Table 4 Variances of Hamiltonian estimators with fully commuting fragments.

To explore possible advantages of the IMA and ICS scheme in cases where approximate covariances cannot be obtained from classical wavefunction approximations, we consider a case of random wavefunctions. For all molecular systems corresponding wavefunctions were randomly generated by selecting their coefficients in computational basis from a uniform distribution and renormalizing. These wavefunctions were used to generate exact covariances needed for the overlapping grouping optimizations in IMA and ICS. Table 5 shows that using exact covariances IMA and ICS can improve the number of measurements even for randomly generated wavefunctions.

Table 5 Average estimator variances with random wavefunction and exact covariances.

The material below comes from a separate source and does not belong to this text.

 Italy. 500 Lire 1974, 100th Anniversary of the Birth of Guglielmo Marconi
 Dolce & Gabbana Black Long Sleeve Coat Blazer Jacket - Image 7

For considering a more realistic scenario where covariances cannot be evaluated because the wavefunction is not known, it was assumed that covariances can be obtained through accumulated measurement results for any trial wavefunction. A modest 1000 measurements were considered for each fragment to estimate covariances between simultaneously measured Pauli products: \({\hat{P}}_{i}\), \({\hat{P}}_{j}\). We simulated such measurements to obtain approximate \(\left\langle {\hat{P}}_{i}\right\rangle\), \(\left\langle \hat{P}_{j}\right\rangle\) and \(\left\langle {\hat{P}}_{i}{\hat{P}}_{j}\right\rangle\). If a Pauli product appears in multiple fragments, measurements in all fragments contribute to the expectation value estimate. The approximate expectation values allow us to estimate covariances between \({\hat{P}}_{i}\) and \({\hat{P}}_{j}\), which are then used to obtain results shown in Table 6. The results reaffirm that IMA and ICS are the most efficient measurement methods among the presented even with approximate covariances. Note that incorporating measured covariances into measurement optimization can be done more efficiently, as detailed in ref. 20.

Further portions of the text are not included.